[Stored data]
------------------------------------------------------------

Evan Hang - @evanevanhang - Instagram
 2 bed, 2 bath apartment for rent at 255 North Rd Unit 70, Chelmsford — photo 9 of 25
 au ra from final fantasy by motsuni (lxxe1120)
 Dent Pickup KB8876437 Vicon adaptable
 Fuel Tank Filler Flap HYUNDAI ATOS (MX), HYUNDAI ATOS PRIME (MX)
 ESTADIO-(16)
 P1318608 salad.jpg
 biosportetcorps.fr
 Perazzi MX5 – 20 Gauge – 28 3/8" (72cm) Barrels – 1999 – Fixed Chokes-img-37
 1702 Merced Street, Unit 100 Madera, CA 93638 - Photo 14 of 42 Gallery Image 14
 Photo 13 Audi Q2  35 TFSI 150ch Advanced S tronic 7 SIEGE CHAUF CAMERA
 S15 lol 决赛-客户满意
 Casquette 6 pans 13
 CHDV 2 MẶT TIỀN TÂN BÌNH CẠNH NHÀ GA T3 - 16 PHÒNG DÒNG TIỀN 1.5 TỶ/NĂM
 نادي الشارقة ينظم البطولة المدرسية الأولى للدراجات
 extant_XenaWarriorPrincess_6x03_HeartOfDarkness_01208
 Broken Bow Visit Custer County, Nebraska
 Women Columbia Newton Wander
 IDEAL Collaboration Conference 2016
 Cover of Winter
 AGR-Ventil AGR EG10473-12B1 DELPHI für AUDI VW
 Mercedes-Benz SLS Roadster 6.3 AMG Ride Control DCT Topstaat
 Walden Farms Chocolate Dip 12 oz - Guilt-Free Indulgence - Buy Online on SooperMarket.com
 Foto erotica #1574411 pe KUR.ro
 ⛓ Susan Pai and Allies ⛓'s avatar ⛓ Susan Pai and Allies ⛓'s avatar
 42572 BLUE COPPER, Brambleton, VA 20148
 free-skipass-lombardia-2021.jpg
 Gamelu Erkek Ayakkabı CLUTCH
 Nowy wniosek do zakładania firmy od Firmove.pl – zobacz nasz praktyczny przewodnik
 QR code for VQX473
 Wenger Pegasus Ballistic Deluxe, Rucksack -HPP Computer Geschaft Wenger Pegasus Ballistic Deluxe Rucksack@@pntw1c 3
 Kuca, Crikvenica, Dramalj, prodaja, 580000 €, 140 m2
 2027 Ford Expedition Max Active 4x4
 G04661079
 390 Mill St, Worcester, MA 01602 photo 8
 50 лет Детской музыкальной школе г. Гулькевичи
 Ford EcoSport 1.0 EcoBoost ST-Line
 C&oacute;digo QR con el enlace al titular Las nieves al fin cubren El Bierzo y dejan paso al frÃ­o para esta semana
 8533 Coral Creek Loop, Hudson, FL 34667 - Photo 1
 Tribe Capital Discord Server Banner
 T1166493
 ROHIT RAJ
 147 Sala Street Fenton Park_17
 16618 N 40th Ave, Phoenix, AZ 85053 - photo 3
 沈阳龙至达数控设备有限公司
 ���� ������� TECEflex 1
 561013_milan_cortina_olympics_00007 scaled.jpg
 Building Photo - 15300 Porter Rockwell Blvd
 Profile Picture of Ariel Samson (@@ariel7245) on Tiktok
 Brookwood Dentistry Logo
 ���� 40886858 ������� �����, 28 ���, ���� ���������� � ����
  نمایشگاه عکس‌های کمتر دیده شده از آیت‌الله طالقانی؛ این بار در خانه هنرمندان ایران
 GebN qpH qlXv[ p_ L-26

------------------------------------------------------------

> Instructions to follow
Check the records above and copy each line that has the string "Unit".

> Task result
 2 bed, 2 bath apartment for rent at 255 North Rd Unit 70, Chelmsford — photo 9 of 25
 1702 Merced Street, Unit 100 Madera, CA 93638 - Photo 14 of 42 Gallery Image 14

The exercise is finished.